- _Your objective_: An exact transcription of the records is required, minus any images.

- _Source information_:
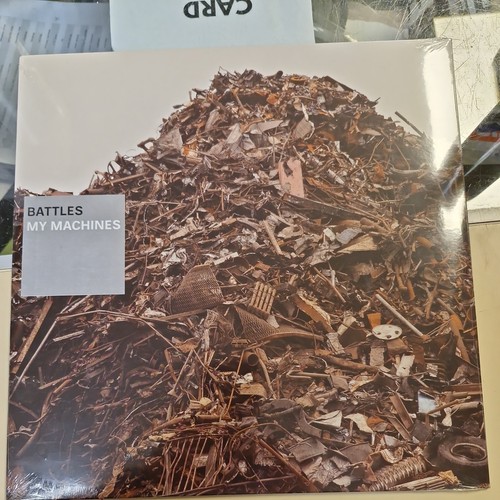 Machines battles gary - machines, by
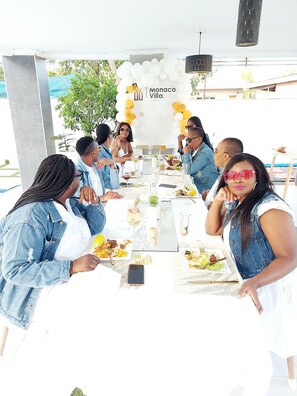 Outdoor dining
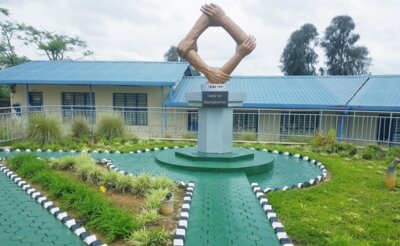Fotoalbum Nyange Local Heroes – eine besondere Gedenkstätte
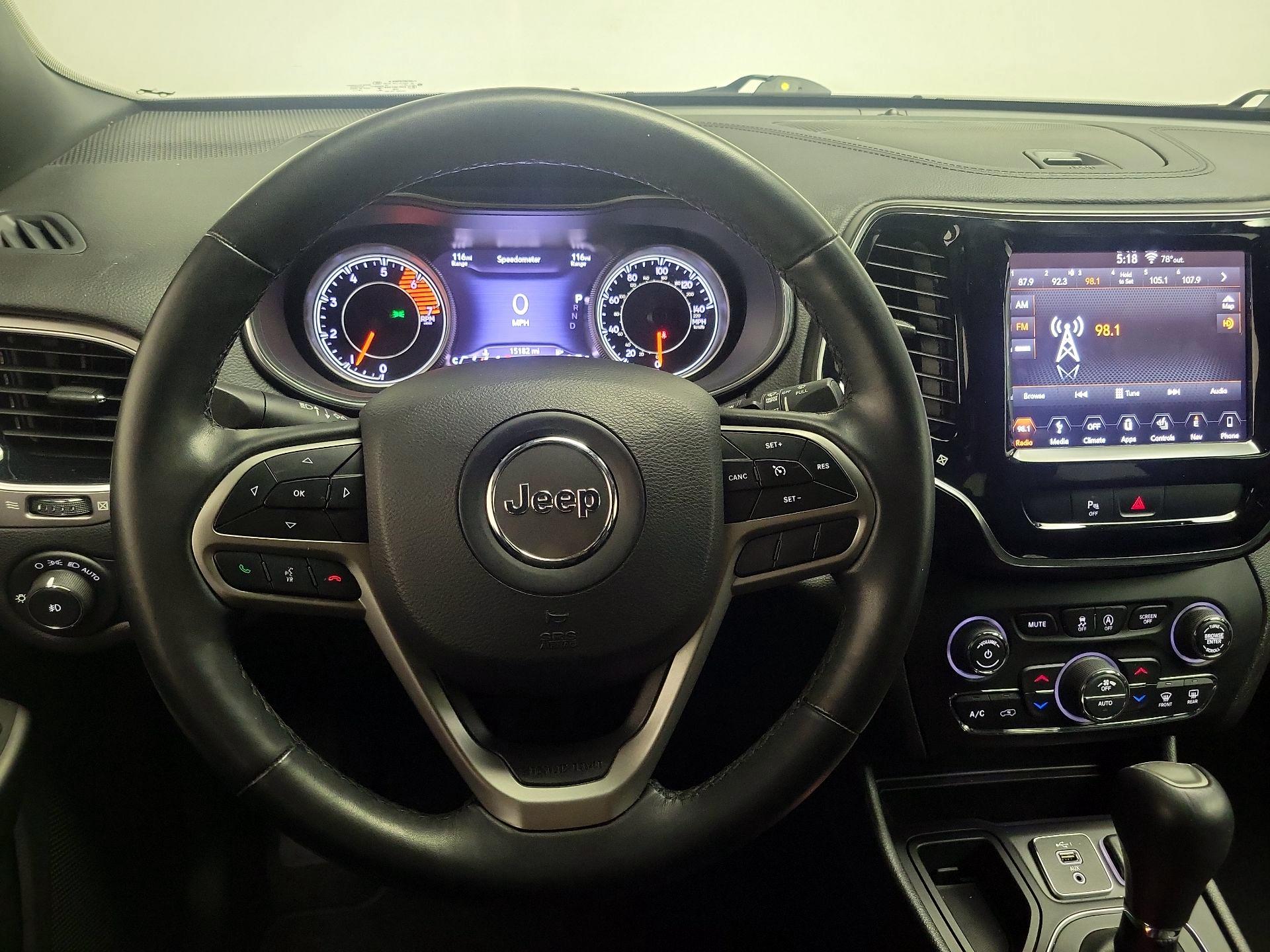 Thumbnail: 2019 Jeep Cherokee - 10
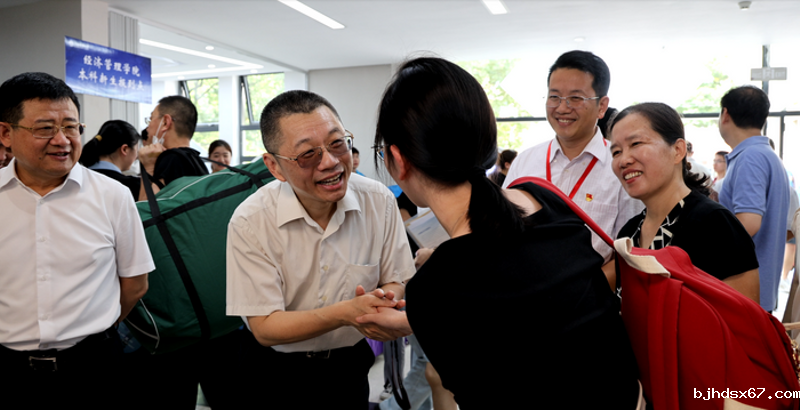 校领导慰问新生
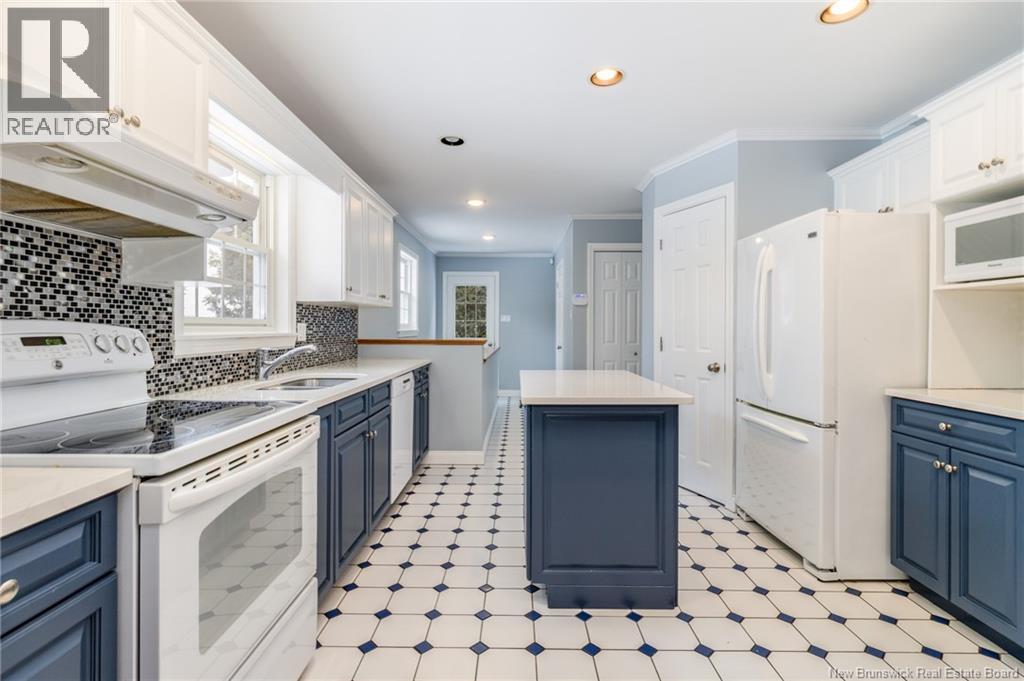 22 Lexington Lane, Fredericton, New Brunswick E3A 5S6 - Photo 8 - NB133359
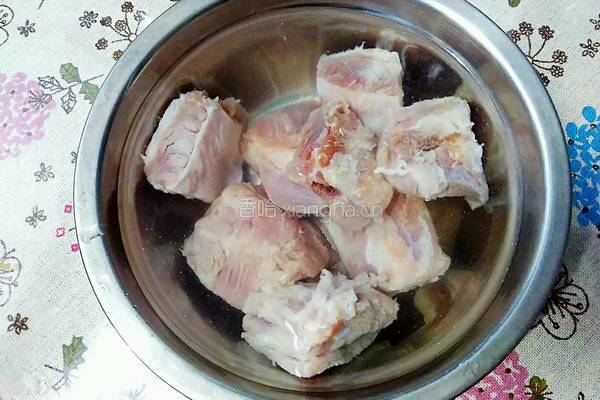 萝卜炖排骨的做法图解2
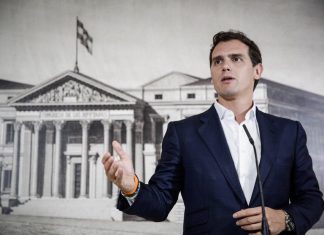 Ciudadanos pedirá “la suspensión inmediata de los diputados que han intentado un golpe de Estado”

- _Solution to the exercise_:
 Machines battles gary - machines, by
 Outdoor dining
Fotoalbum Nyange Local Heroes – eine besondere Gedenkstätte
 Thumbnail: 2019 Jeep Cherokee - 10
 校领导慰问新生
 22 Lexington Lane, Fredericton, New Brunswick E3A 5S6 - Photo 8 - NB133359
 萝卜炖排骨的做法图解2
 Ciudadanos pedirá “la suspensión inmediata de los diputados que han intentado un golpe de Estado”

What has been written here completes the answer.